In [None]:
import pandas as pd
from sklearn.model_selection import train_test_split

# 利用pandas读取dataframe数据
data_root = '/home/henry/nlp-beginner/data/'
train_data=pd.read_csv(data_root+'train.tsv',sep='\t')
# test_data=pd.read_csv(data_root+'test.tsv',sep='\t')
pd.set_option('display.width', 900)
x_all = train_data['Phrase']
y_all = train_data['Sentiment']

train_x, test_x, train_y, test_y = train_test_split(x_all, y_all, test_size=0.2)
train_x, val_x, train_y, val_y = train_test_split(train_x, train_y, test_size=0.25)

print(train_x.shape, val_x.shape, test_x.shape)

## Extract Features from Document

In [None]:
import numpy as np
from sklearn.feature_extraction.text import CountVectorizer

count_vect = CountVectorizer()
x_train_counts = count_vect.fit_transform(train_x)
x_test_counts = count_vect.transform(test_x)
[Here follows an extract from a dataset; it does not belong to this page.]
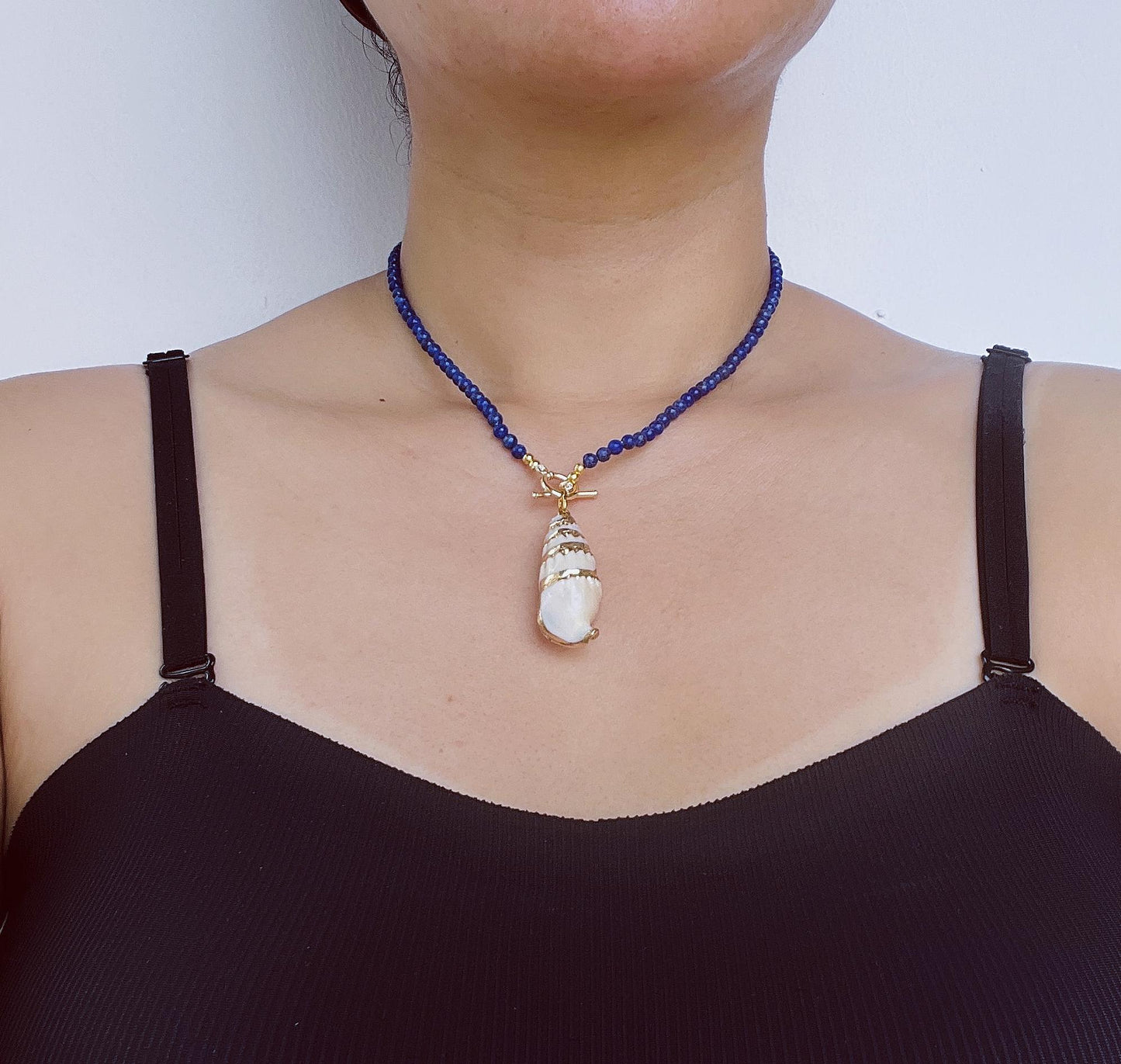 Lapis Lazuli Shell Pendant Necklace|Natural Energy Jewelry|Vintage Ocean Style|Handmade Summer Beach Gift|Blue Gemstone Choker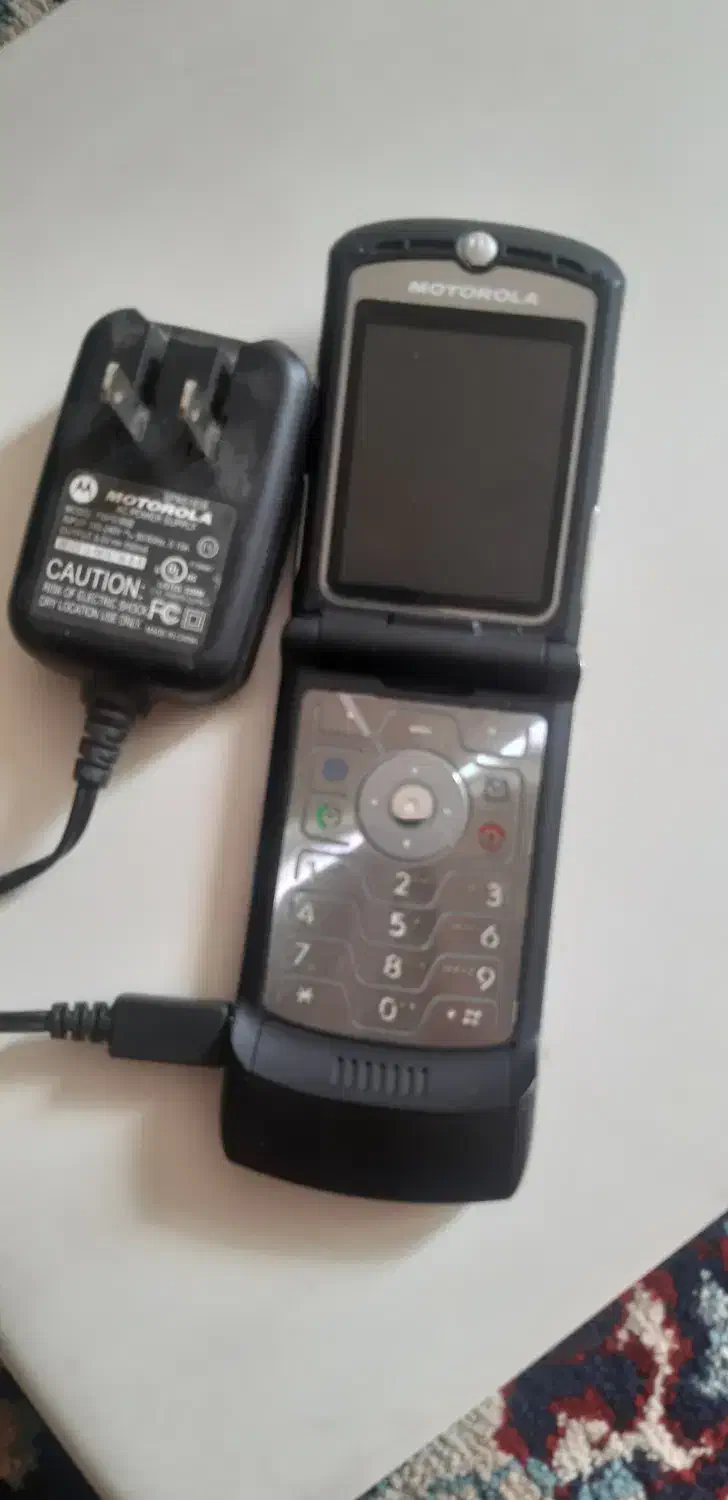 گوش ی  Motorola  v3|موبایل|همدان, |دیوار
print(x_train_counts.shape,x_test_counts.shape)

In [None]:
from sklearn.feature_extraction.text import TfidfVectorizer

tfidf_transformer = TfidfVectorizer(analyzer='word', max_features=50000)
tfidf_transformer.fit(train_x)

x_train_tfidf_word = tfidf_transformer.transform(train_x)
x_test_tfidf_word = tfidf_transformer.transform(test_x)
print(x_train_tfidf_word.shape, x_test_tfidf_word.shape)
print(x_train_tfidf_word[:5], x_test_tfidf_word[:5])

In [None]:
from sklearn.feature_extraction.text import TfidfVectorizer
tfidf_transformer = TfidfVectorizer(analyzer='word', ngram_range=(2,3),max_features=50000)
tfidf_transformer.fit(train_x)
x_train_tfidf_ngram = tfidf_transformer.transform(train_x)
x_test_tfidf_ngram = tfidf_transformer.transform(test_x)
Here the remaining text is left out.